- [Stored dataset items]
* * *

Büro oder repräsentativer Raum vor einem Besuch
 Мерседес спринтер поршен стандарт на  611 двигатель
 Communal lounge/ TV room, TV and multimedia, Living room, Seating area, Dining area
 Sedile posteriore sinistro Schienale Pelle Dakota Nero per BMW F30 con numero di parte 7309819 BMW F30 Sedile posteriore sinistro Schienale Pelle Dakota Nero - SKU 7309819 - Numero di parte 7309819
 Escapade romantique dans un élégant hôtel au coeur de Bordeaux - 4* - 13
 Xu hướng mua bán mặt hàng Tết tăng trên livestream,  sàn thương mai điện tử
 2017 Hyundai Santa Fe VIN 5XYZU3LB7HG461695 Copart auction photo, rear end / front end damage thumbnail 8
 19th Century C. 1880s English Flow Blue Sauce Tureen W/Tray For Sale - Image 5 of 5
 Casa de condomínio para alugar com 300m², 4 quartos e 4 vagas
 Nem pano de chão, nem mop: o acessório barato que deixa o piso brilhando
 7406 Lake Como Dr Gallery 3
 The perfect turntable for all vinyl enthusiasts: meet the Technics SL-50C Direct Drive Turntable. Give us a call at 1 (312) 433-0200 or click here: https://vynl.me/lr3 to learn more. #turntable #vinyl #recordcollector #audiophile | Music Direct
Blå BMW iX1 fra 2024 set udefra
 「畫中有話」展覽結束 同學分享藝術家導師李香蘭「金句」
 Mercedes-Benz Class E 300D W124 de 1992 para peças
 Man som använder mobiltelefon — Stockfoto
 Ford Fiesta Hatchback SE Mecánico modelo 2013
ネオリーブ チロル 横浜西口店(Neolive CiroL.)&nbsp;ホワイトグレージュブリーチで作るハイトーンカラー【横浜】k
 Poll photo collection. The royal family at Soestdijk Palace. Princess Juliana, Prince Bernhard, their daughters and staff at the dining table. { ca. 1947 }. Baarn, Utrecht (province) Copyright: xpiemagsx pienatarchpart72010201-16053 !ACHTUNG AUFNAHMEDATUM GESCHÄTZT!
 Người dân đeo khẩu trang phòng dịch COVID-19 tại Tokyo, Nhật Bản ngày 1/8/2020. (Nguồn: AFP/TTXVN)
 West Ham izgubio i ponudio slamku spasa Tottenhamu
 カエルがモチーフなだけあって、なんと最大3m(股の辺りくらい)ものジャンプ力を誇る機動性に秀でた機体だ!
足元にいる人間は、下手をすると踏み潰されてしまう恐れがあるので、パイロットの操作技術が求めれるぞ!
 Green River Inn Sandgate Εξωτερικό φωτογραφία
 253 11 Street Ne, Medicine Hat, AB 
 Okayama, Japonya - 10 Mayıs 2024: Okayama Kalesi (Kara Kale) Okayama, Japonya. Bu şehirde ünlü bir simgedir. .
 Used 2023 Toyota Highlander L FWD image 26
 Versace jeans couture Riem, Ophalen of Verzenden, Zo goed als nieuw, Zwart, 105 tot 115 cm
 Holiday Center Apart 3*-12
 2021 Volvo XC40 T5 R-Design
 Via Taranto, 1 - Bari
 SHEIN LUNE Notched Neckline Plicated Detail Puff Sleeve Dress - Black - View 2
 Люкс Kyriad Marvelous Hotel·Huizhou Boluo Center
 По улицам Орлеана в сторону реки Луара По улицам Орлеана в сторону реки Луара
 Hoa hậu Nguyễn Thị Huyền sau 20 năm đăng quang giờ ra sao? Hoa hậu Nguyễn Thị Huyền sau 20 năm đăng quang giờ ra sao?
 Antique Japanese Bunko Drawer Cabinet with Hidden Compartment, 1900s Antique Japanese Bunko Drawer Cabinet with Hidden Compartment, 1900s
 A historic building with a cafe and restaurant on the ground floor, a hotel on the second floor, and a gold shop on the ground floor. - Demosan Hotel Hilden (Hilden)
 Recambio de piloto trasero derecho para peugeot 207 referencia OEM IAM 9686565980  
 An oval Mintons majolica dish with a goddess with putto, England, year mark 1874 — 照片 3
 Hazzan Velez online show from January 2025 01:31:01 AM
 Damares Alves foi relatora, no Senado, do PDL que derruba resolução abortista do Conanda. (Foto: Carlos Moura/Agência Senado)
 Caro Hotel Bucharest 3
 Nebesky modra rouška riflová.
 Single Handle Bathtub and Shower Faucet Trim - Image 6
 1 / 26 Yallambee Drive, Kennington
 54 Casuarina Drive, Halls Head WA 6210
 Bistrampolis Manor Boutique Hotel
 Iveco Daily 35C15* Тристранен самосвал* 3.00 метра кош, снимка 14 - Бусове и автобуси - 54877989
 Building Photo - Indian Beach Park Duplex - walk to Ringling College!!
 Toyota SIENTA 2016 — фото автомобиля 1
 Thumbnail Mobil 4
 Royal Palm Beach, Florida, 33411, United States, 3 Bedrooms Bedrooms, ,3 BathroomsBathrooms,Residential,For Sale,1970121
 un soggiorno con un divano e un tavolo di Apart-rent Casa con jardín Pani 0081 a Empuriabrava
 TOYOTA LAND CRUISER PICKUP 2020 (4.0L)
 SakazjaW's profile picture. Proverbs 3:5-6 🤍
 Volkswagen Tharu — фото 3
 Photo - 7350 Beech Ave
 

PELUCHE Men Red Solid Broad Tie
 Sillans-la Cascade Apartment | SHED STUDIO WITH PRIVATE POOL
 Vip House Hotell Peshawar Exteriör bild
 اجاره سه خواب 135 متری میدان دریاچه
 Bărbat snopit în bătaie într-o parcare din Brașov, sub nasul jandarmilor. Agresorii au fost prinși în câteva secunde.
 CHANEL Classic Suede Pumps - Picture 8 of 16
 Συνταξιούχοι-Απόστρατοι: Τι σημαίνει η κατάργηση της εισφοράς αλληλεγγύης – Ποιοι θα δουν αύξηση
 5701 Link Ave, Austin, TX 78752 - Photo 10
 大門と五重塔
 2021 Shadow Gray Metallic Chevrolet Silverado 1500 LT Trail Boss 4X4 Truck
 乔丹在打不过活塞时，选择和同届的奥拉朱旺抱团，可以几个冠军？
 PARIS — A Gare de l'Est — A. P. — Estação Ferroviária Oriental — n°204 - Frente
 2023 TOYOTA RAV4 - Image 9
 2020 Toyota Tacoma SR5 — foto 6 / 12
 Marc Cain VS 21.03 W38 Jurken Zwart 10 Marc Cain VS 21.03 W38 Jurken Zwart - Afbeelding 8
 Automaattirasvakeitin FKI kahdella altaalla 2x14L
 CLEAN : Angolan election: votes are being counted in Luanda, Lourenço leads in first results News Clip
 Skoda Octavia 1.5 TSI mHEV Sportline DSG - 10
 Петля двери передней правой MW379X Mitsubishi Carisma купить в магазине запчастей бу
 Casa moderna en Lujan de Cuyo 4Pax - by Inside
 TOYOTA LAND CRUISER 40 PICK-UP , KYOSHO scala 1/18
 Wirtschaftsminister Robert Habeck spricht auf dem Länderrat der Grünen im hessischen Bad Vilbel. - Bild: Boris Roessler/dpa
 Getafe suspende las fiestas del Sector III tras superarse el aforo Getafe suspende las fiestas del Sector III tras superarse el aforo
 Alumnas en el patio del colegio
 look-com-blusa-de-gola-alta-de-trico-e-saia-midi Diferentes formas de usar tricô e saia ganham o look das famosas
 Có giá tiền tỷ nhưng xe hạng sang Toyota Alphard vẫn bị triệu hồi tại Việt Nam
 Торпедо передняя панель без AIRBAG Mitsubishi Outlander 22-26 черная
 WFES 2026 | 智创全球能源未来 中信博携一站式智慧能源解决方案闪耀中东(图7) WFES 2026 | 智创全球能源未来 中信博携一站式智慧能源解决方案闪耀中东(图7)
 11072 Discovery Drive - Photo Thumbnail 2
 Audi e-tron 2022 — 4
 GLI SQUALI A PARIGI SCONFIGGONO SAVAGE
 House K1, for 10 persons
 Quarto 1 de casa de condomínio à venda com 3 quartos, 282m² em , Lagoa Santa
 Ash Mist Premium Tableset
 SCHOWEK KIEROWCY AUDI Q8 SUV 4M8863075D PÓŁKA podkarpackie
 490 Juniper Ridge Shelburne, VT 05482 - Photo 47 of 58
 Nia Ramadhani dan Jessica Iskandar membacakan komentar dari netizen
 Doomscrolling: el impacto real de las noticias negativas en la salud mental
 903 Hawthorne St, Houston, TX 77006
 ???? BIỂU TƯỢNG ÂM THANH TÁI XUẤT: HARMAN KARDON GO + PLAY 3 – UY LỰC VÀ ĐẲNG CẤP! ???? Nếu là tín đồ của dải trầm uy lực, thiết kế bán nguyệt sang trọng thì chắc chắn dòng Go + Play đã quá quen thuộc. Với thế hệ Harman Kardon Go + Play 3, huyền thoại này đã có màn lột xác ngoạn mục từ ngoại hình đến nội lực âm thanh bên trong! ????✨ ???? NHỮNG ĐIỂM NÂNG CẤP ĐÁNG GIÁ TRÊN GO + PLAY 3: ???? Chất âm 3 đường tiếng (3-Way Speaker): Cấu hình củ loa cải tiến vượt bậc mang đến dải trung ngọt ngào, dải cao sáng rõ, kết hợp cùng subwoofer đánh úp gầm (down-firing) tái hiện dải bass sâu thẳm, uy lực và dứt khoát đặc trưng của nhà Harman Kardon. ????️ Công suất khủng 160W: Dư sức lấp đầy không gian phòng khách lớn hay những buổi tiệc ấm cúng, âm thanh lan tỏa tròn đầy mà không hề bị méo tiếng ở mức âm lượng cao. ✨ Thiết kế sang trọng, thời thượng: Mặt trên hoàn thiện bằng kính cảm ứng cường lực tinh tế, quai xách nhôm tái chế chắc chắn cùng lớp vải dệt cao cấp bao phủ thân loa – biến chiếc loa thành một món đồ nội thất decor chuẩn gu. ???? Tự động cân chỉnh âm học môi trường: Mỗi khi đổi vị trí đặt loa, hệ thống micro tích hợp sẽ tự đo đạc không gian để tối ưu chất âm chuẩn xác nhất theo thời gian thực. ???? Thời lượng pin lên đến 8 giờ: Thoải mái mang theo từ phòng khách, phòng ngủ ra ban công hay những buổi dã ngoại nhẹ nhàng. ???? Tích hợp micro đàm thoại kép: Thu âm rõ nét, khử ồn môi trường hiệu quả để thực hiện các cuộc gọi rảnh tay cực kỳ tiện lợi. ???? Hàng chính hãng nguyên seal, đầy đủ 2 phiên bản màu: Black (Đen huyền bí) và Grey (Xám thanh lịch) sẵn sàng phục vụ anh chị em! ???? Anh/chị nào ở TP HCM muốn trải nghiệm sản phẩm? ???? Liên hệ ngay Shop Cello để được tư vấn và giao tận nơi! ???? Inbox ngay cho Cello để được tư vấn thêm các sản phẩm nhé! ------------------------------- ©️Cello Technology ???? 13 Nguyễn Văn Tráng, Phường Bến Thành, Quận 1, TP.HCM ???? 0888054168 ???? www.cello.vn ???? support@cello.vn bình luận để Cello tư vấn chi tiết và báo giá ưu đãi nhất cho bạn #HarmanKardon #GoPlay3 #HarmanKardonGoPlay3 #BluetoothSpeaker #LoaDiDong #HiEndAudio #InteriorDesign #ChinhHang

* * *

- [PROBLEM DETAILS]
From the entries above, restate word for word the lines from the line containing "Nia Ramadhani dan" to the line containing "903 Hawthorne St, Houston, TX 77006", both ends included, and nothing more.

- [RESPONSE AREA]
 Nia Ramadhani dan Jessica Iskandar membacakan komentar dari netizen
 Doomscrolling: el impacto real de las noticias negativas en la salud mental
 903 Hawthorne St, Houston, TX 77006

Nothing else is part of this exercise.